September 4th, 2020

By Abdul Baseer


After restrictions were imposed by the provincial government during the COVID pandemic and tourists to the valley decreased abruptly, the farmers had been worried about the stockpile of fish due to a lack of tourists to the valley. The distraught farmers now are left with no fish to sell, as furious floods in Swat have swept away around 150 trout-fish farms, causing a loss of millions of Rupees to the nascent fish farming industry in the region. The devastation caused by rains and floods has put the livelihood of hundreds of farmers in the tourist valley at stake.

Trout often prized as a delicacy by tourists, can sell at about Rs 1,500 to Rs 2,500 per kilogramme. According to the provincial fisheries department, the farms in Swat produce about 200 tonnes of trout annually.

150 farms, 100 tonnes fish stock lost in floods

The fish stock of 100 tonnes has been washed away from farms and hatcheries located around tourist spots of Madyan, Sekhar and Bahaa in Swat. For fish farmer Mikhail, the President of Trout Fish Association Swat, his fears have materialized.

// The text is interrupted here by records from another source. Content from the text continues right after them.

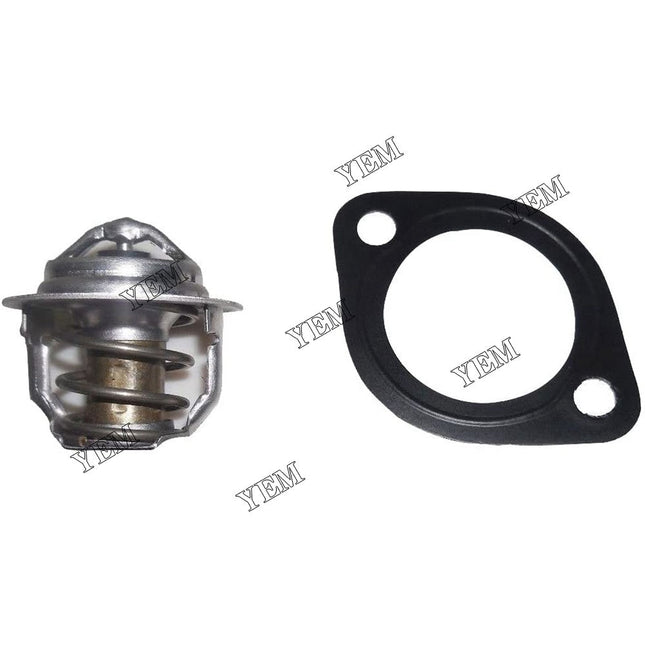 New For Kubota RTV900XTS RTV900XTT RTV900XTW Thermostat & Gasket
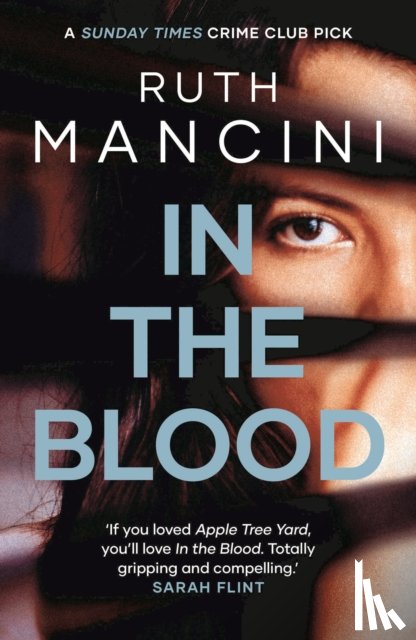 Mancini, Ruth - In the Blood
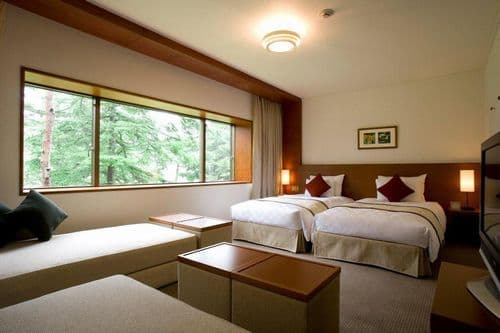 軽井沢プリンスホテル　ウエスト 2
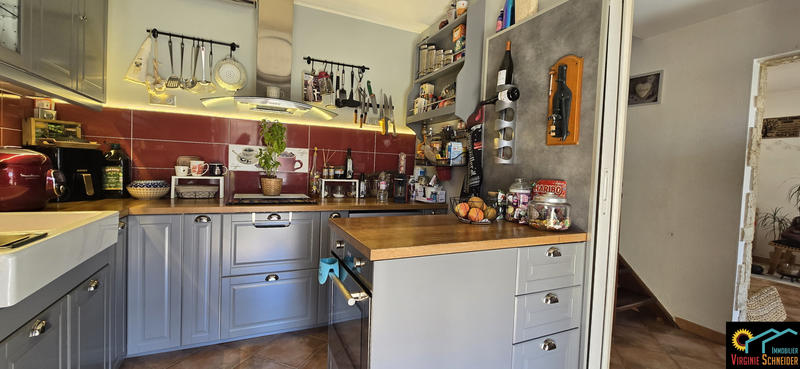 Maison - 101 m² - 4 pièces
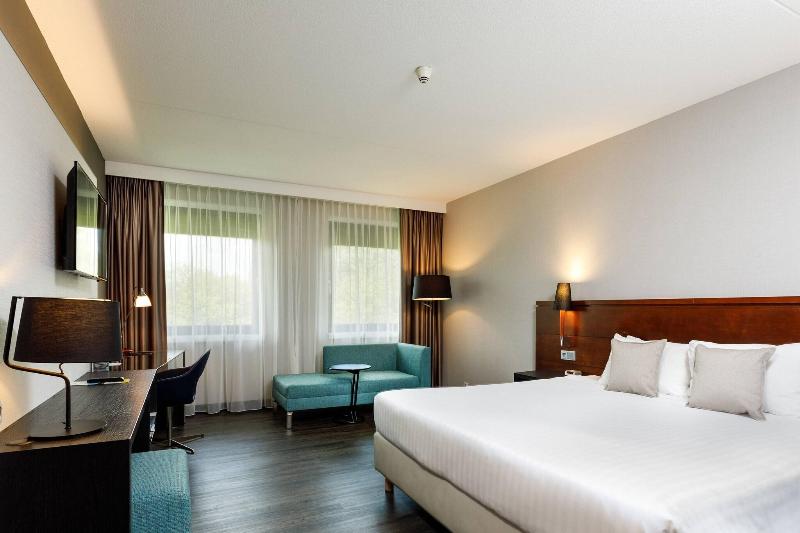 Chambre Deluxe King Size, Courtyard By Marriott Amsterdam Airport
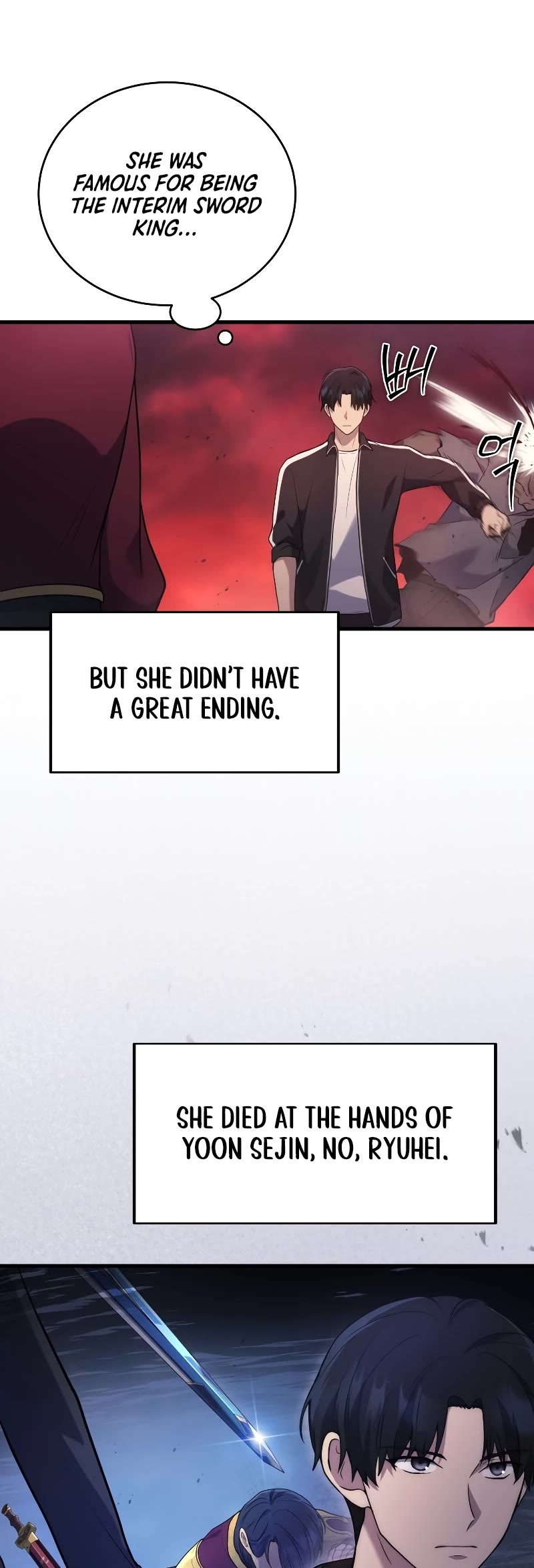 The Martial God who Regressed Back to Level 2 chapter 7 page 42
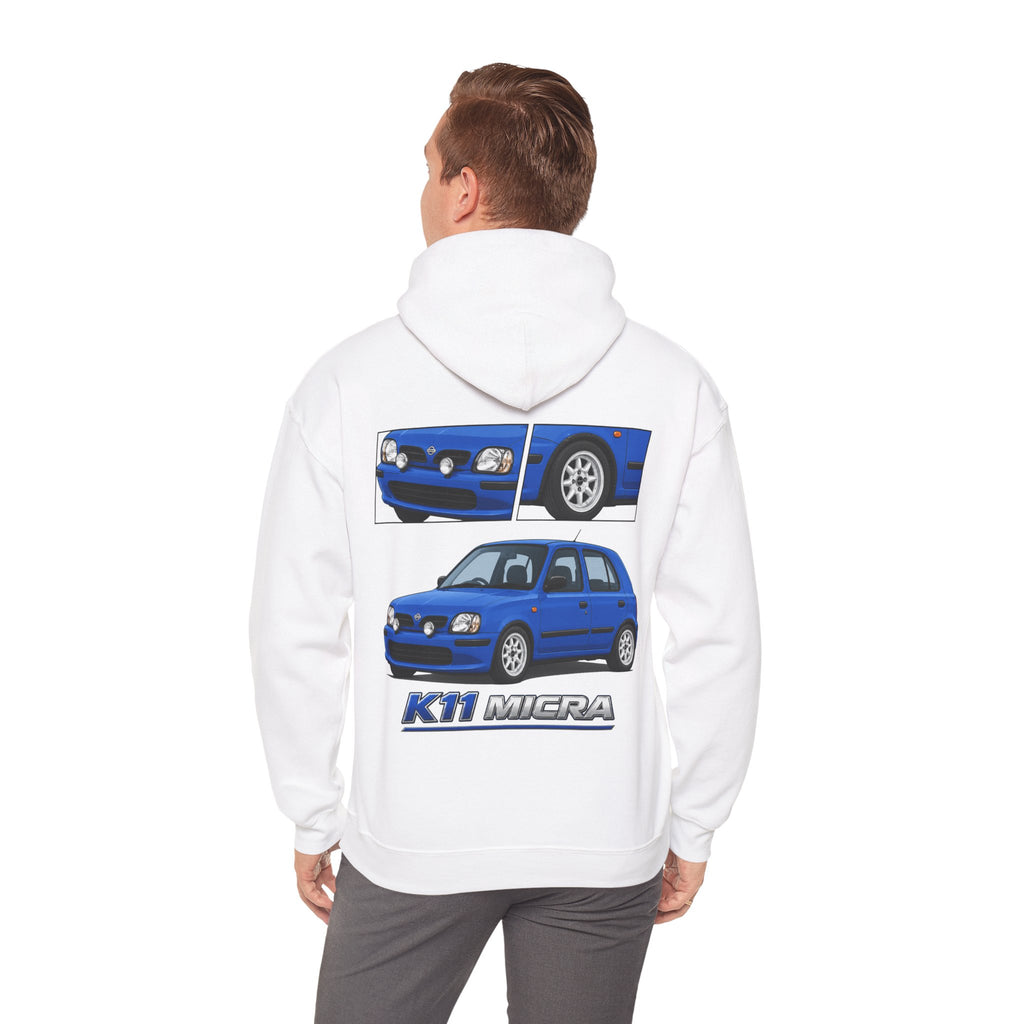BLUE K11 MICRA JUMPER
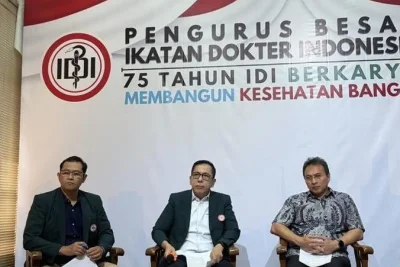 IDI Pertanyakan Tuntutan 4,5 Tahun Penjara Dokter Ratna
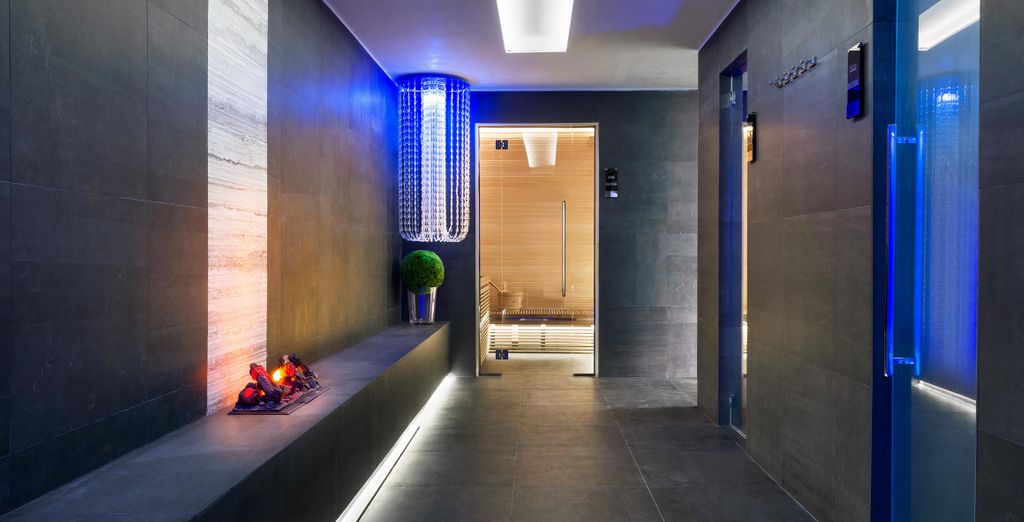 LHP Napoli Palace & Spa 5*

The boundary wall of the Trout Culture Training Centre in Madyan also collapsed in the deluge but officials say did not cause much damage to the centre as to fish farms elsewhere. Mikhail says trout fish flock of varying sizes and close to 1.5 million fish eggs were lost in floods, causing millions of rupees in losses to farmers in Swat.

“I appeal to the provincial government to announce a relief package for trout farmers in Swat so that farmers may recoup lost stock and stand on their feet again,” Mikhail tells

Appeal for compensation and relief package

“ There were about 20 farms in my region – each with 20 ponds filled with trout, but the floods have completely devastated them,” says farmer Rasheed Ahmed. The damage is so high there is no trace left of the farms. He says no official survey to estimate damages and losses has been carried out as yet.

Farmers in Madyan have been especially hit hard with losses amounting to millions of Rupees, says local farmer Falak Niaz. The eight farms in his region were also completely destroyed. “The ponds in my farm had a flock of about 50,000 fish out of which half was ready for the market. We have lost our only source of livelihood,” Falak Niaz adds.

A survey to assess losses

The provincial government has tasked officials of the Trout Culture Training Centre in Madyan to assess losses suffered by trout farmers. According to KP Minister for Agriculture and Livestock, Mohibullah Khan, the provincial fisheries department is carrying out a survey to assess damages and losses faced by the trout farmers in Swat. Apart from the collapse of the boundary wall, the Trout Culture Training Centre suffered little damage, he says, adding that the wall will be repaired soon.

“I have directed the department, the assistant directors as well as the commissioner to survey damages suffered by the fish farmers.”

The fate of the fish farmers in Swat has been dismal, to say the least. From the wave of terrorism striking the valley to the devastating floods in 2010, followed by the COVID pandemic causing great economic losses, the floods and rains are just an addition to the misery faced by the people of Swat, washing away their dreams and livelihood.